▸ **REQUIRED ACTION**:
Could you transcribe every record below exactly as written, excluding the pictures?

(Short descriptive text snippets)
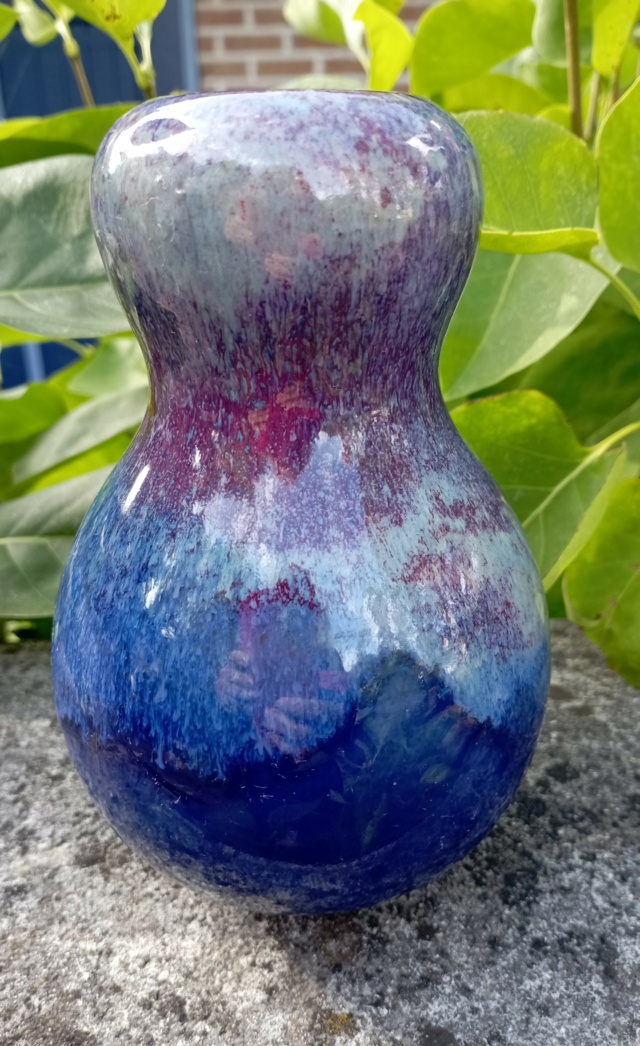 vase japonais coloquinte en gres  'Ishiguro Koko Img_2096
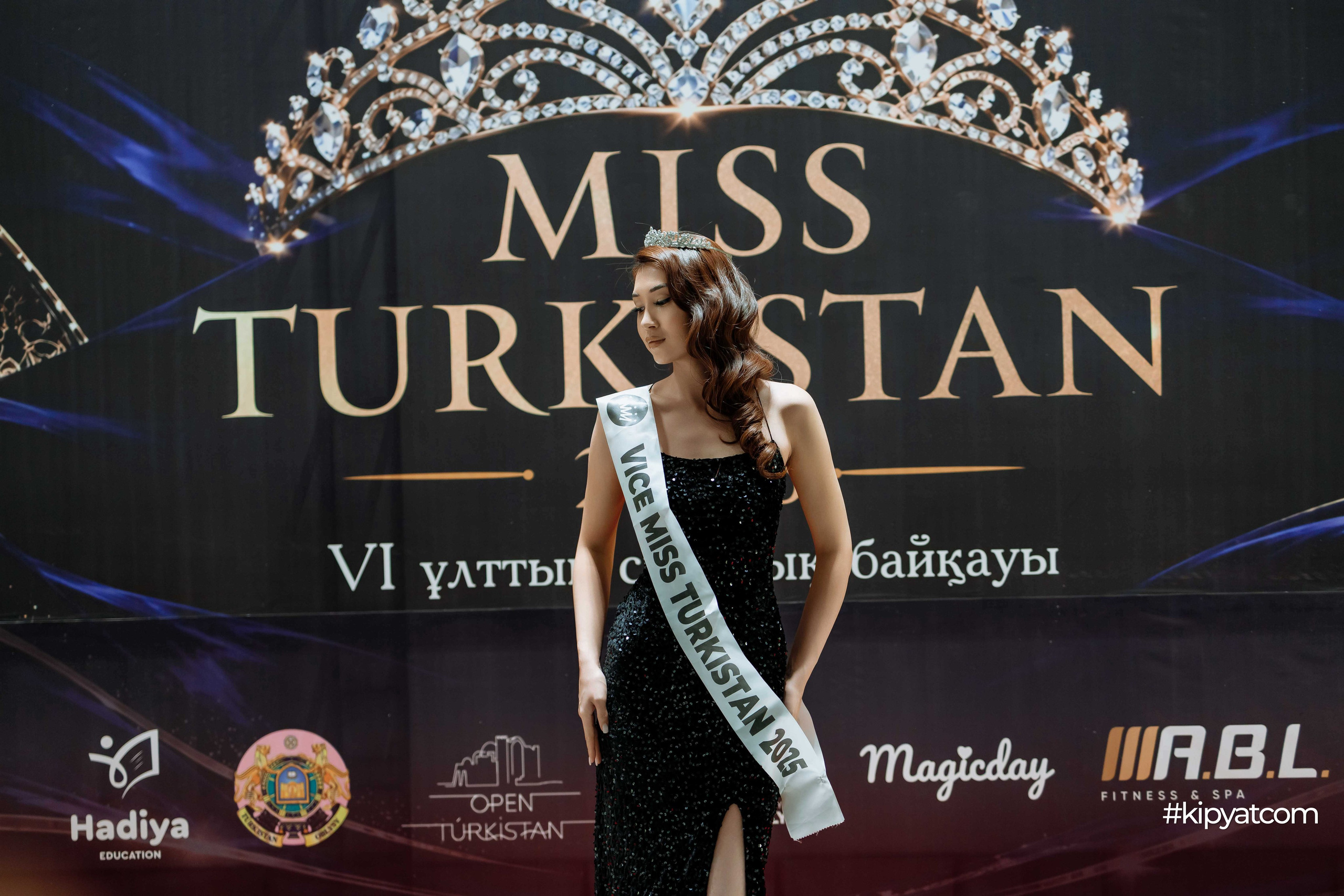 Miss Turkistan 2026. Кипятком Шымкент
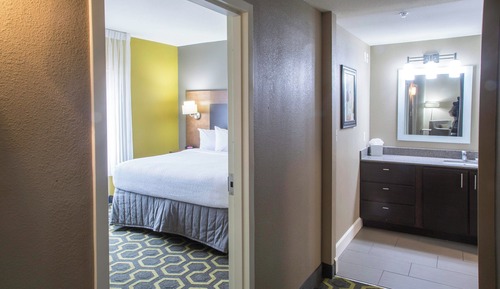 Suite, 2 habitaciones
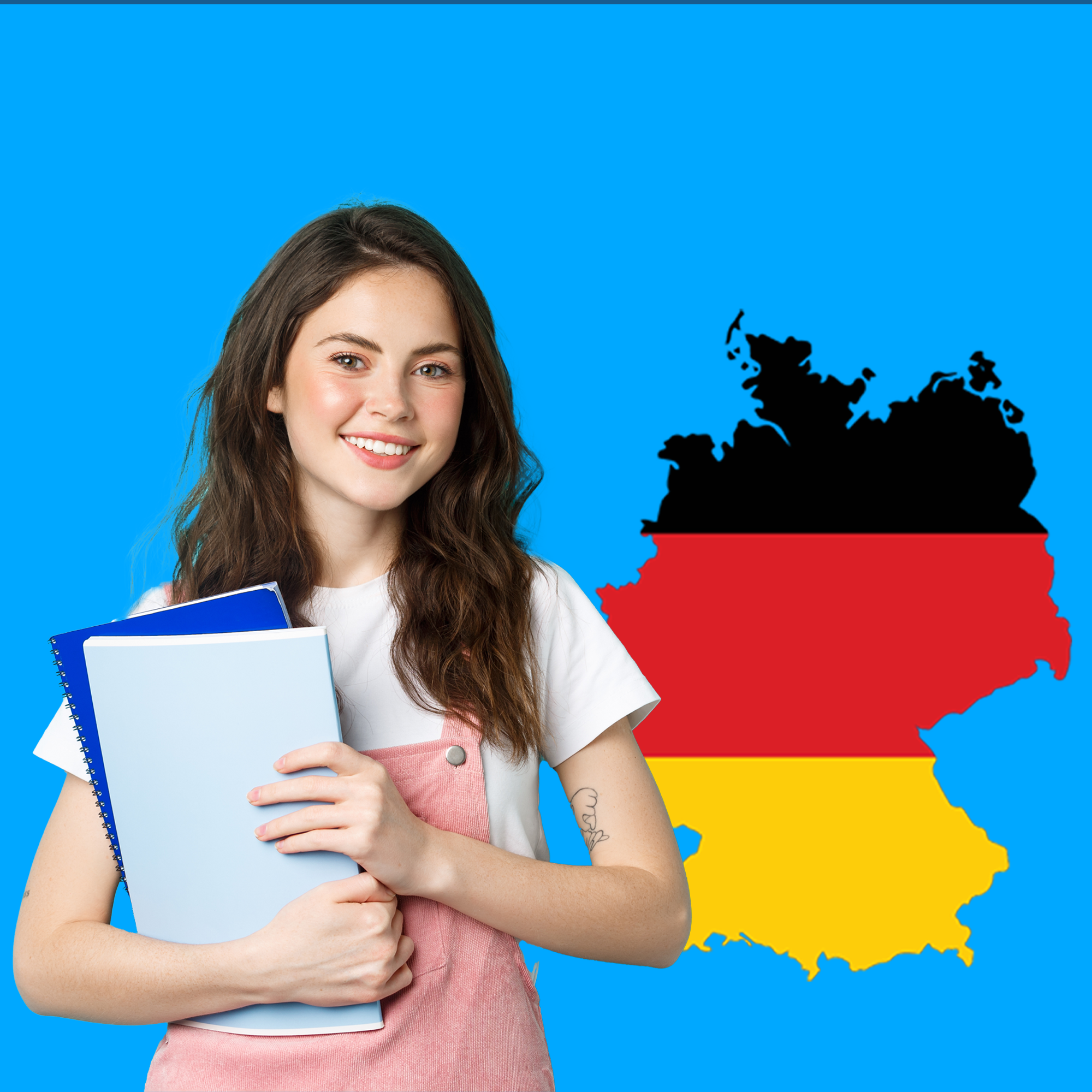 الدراسة في المانيا 🇩🇪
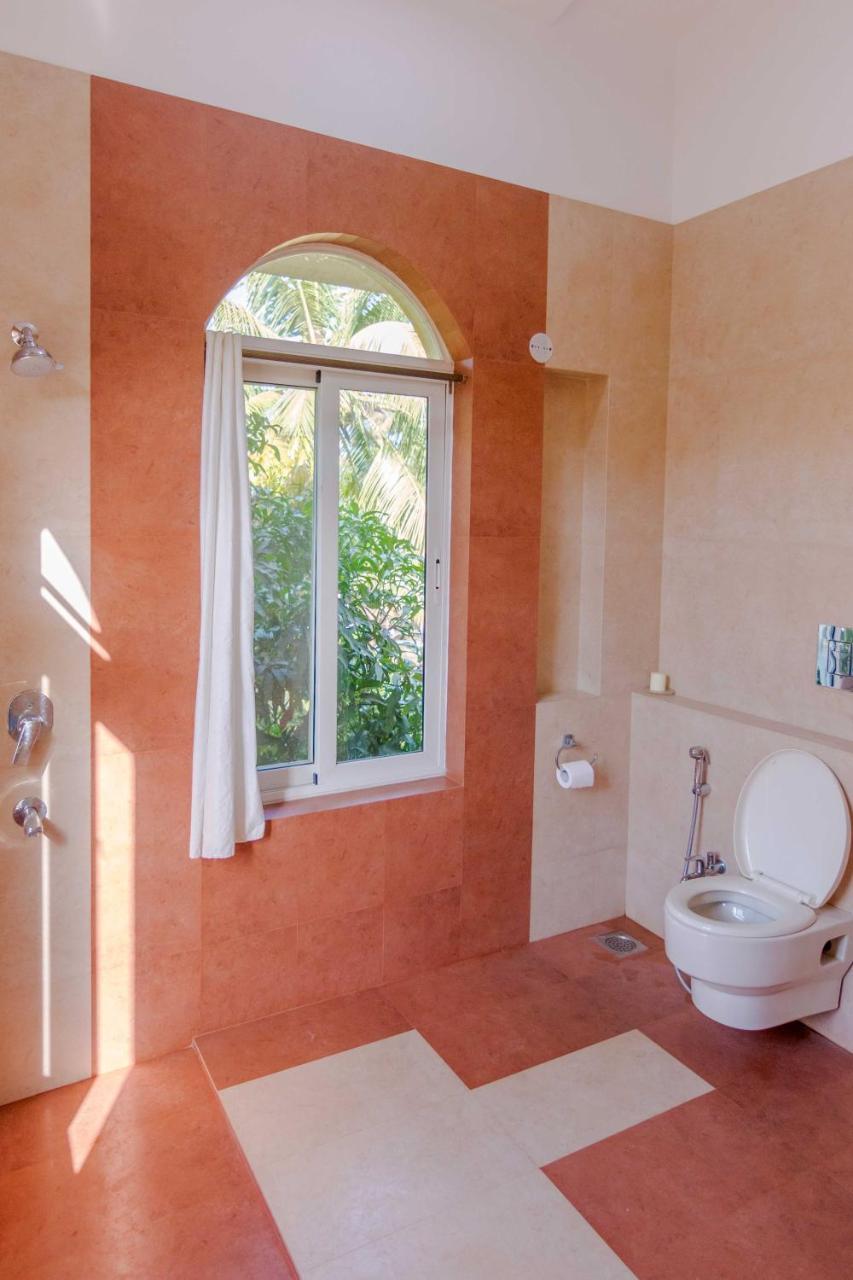Saffronstays La Casa Maestro, Kashid - Spanish-Style Luxury Villa Near Kashid Beach المظهر الخارجي الصورة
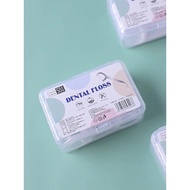 Tongtong Dental Floss Stick Portable Oral Cleaning Taiwan Seller Dental Floss Floss Dental Floss Pic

▸ **SOLUTION**:
 vase japonais coloquinte en gres  'Ishiguro Koko Img_2096
 Miss Turkistan 2026. Кипятком Шымкент
 Suite, 2 habitaciones
 الدراسة في المانيا 🇩🇪
Saffronstays La Casa Maestro, Kashid - Spanish-Style Luxury Villa Near Kashid Beach المظهر الخارجي الصورة
 Tongtong Dental Floss Stick Portable Oral Cleaning Taiwan Seller Dental Floss Floss Dental Floss Pic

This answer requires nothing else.